Our Australia Post won't ship items over 105cm in length so you have to go through a courier which is heaps cheaper anyway. You put your own measurements in when calculating the cost, pay and then print the courier docket. It's a bit of an honesty scheme to a certain degree


----------



## Triple8Sol

@david_z did a great job of laying it all out here: http://www.agnarchy.com/burrito-wrap-pack-ship-snowboard/


----------



## timmytard

Triple8Sol said:


> @david_z did a great job of laying it all out here: http://www.agnarchy.com/burrito-wrap-pack-ship-snowboard/


I'm the burrito king haha

The one thing you should be aware of is.

Sure you can put the value @ a low $$$$ amount, which I always do.

Until one of my recent burritos vanished into thin air:surprise:
Yup that's right.

I shipped 2 snowboards together in one burrito, destined for New Jersey.
They made it out of Canada, & made it all the way to San Francisco.

Then POOF, vanished.:surprise:

A YES 420 Powder Hull & a Jones Mtn Twin.

I put the value @ $29 bucks, that's what I always put it @.
And opted for no insurance.
(I traded someone once in AK. He put $600 dollars insurance on a brand new Chairman.
When it showed up the post man wanted me to pay the tax on $600USD) 
Which was pretty shitty considering it was a straight up trade for a Skunk Ape.

I've contacted Canada post & they gave me a ticket number to try & resolve/find it.
Their solution was send me a check for $90.01
Yeah that doesn't really cut it though.

Contacted USPS & they said they couldn't help me, that I had to start an inquiry with Canada Post & Canada Post would contact them & ask them to do what I was asking them to do while I was talking to them on the phone.

Haven't heard shit back yet.
Thanks USPS for loosing my package.

I feel bad for the guy that dropped $1,000 usd.
Not my fault, but @ least he got the other package

I actually sent 2 packages from the same post office @ the same time.
The other one containing 2 pairs of Union bindings & a pair of Freeballers did show up though.

TT


----------



## david_z

yep that's the gamble if the buyer doesn't want to pay the extra $5-15 for insurance, if it's lost or stolen or damaged in transit, the buyer is pretty much fucked for any recourse.


----------



## LegendHairy

coloradodirtbag said:


> I need to ship two boards, earlier today I packaged them up in snowboard boxes and took them to UPS. Asked for UPS Ground in the lower 48 with tracking and they wanted $150 for both. Who can ship this for cheaper?

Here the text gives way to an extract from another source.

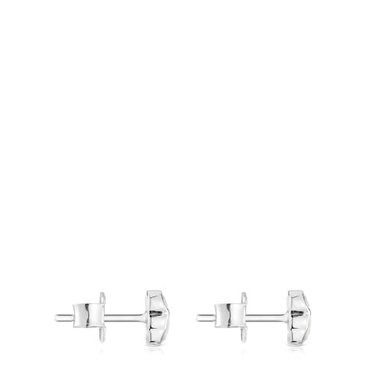 ARETES PLATA LEY OSO NACAR 6MM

I know this is an old thread but a big brain move is to sell it to yourself on ebay and then buy and print a shipping label from ebay for the correct weight and dimensions for a discount. Also just printing the label online like others have said is better than nothing. Ship the board separate from boots and bindings. Package board tight in cardboard with extra cardboard covering the rails and tips. If you can cover the top of the board in foam or carboard to keep tips from flexing that is best.


----------



## ridethecliche

LegendHairy said:


> *I know this is an old thread but a big brain move is to sell it to yourself on ebay and then buy and print a shipping label from ebay for the correct weight and dimensions for a discount.* Also just printing the label online like others have said is better than nothing. Ship the board separate from boots and bindings. Package board tight in cardboard with extra cardboard covering the rails and tips. If you can cover the top of the board in foam or carboard to keep tips from flexing that is best.

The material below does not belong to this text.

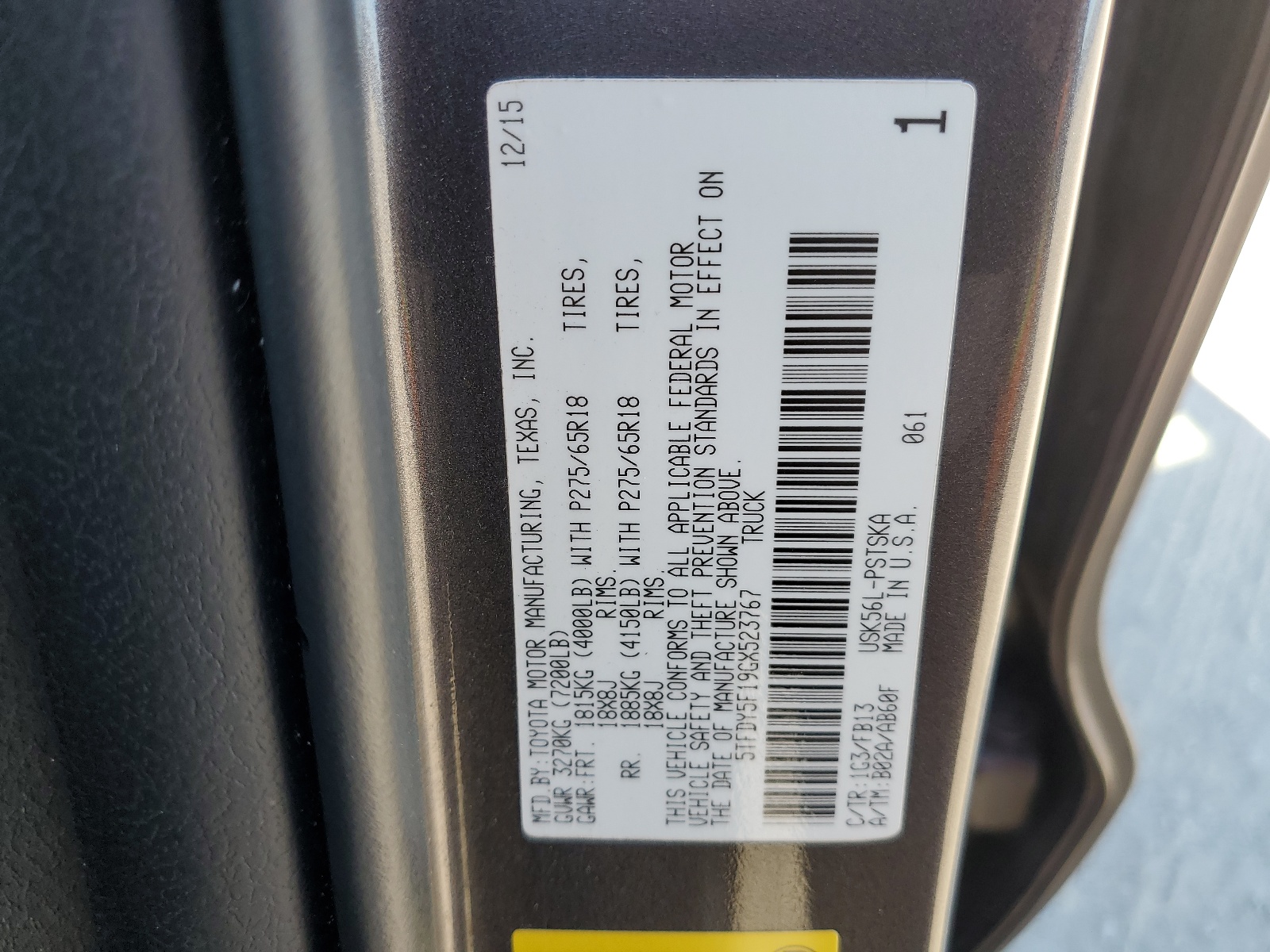 5TFDY5F19GX523767 2016 Toyota Tundra Crewmax Sr5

This is absolutely bonkers. You realize you're still going to be out ebay fees, right?

Just use pirateship. There's no need to do something so ridiculous.


----------



## phillyphan

ridethecliche said:


> This is absolutely bonkers. You realize you're still going to be out ebay fees, right?
> 
> Just use pirateship. There's no need to do something so ridiculous.


Yea that was my thought. Ebay will take 10% and then PayPal will take 3%.


----------